I've been playing momma to four little orphaned (wild) bunnies for two weeks now. They were so tiny when I got them that their eyes were still closed. Sadly, two of the babies didn't make it past the first week because of injuries but Thumper and Bugs are doing great. 
They're so adorable I had to show them off 
Pictures by rbratek - Photobucket


----------



## DeathTouch (Sep 6, 2005)

I am a sucker for little bunny pictures. Thank you. And my hat is off to you for taking care of new borns. They are really hard work.


----------



## grapegrl (Jan 3, 2006)

Widow,

The bunnies are *so* super cute! You are wonderful for being so dedicated in trying to rehab them. I hand-raised a 6-week old squirrel that fell out of his nest during Hurricane Ivan a couple of years ago. Luckily, I had a great work environment and was able to take him to work with me in a soft-sided cooler so he wouldn't miss any feedings during the day. He got to be quite the celebrity once word got around that I had a baby squirrel in my office!

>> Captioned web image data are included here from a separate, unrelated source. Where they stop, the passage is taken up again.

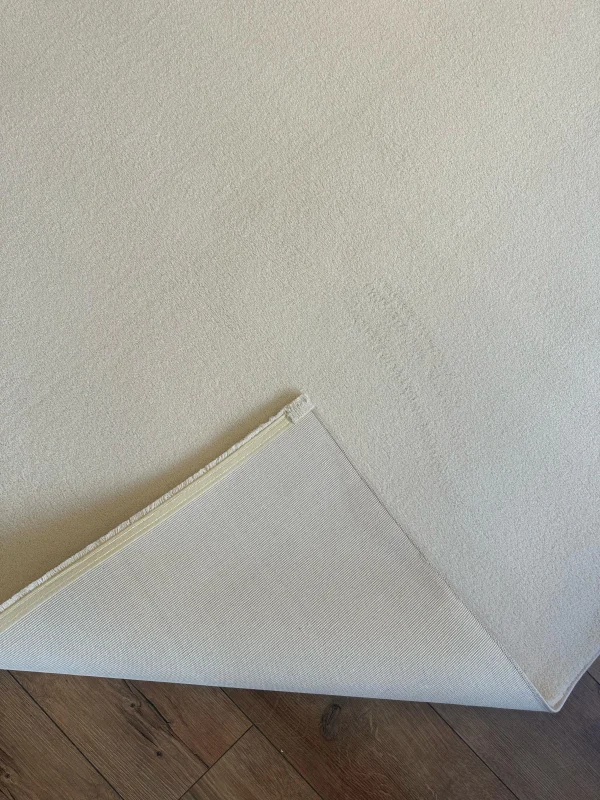 Destan Halı Palermo Yumuşak Yapılı Microfiber Toz Tüy Çıkarmaz Modern Salon Oturma Odası Yatak Odası Halısı Beyaz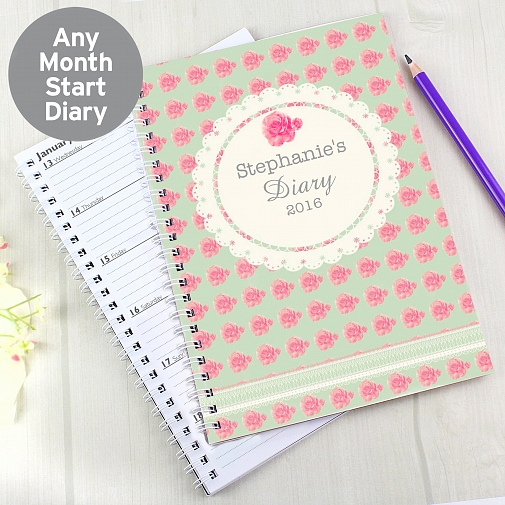 Personalised Vintage Rose A5 Diary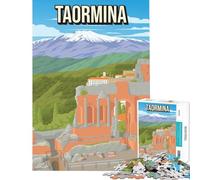 Puzzle de 1000 pièces pour Adolescents Taormina Italie Sicile Affiche de Voyage Jeu Familial Jouet Jeu éducatif Cadeau pour Femmes et Hommes pour Toute la Famille (Taille 38x26cm)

Skywalker grew up to be a healthy and happy (although ready to be independent) little guy and we released him on Hallowe'en weekend of that year.

Keep up the good work and keep us updated with bunny pictures!


----------



## Death's Door (Mar 22, 2006)

Sounds like you're going to do a good job with the bunnies. I raised six little ones two years ago. A friend of mine came across a nest that was destroyed and he found the bunnies and brought them to me. They were definitely cute. Once their eyes opened and they started eating food, I released them in the cemetary across from my house. Some are still there and have grown to be adults and now have bunnies of their own. I also raise domestic rabbits that were kid's Easter bunnies. When they get big, the neighbors know I usually take them in and care for them.


----------



## Frighteners Entertainment (Jan 24, 2006)

Nice job BW!


----------



## Blackwidow (Jul 9, 2005)

Thanks everyone...I love critters and I'm always the first person people think of when they find a wounded or orphaned animal (let's call Robin, she'll take in anything!) I should've been a vet


----------



## Merlin (The Quiet One) (Feb 23, 2006)

Those are so tiny! Hats off to you for taking care of them.


----------



## DeathTouch (Sep 6, 2005)

Of course, now that I go thru the rest of you album I see spiders. Which are really different than cute fuzzy bunnies. Spiders are not my favorite. I got drunk at my buddy Super Dave's house and he put a large spider on my face. Lets say I sobbered up quick. Now that I think of it, I have bitten by more rabbits than spiders.


----------



## Frighteners Entertainment (Jan 24, 2006)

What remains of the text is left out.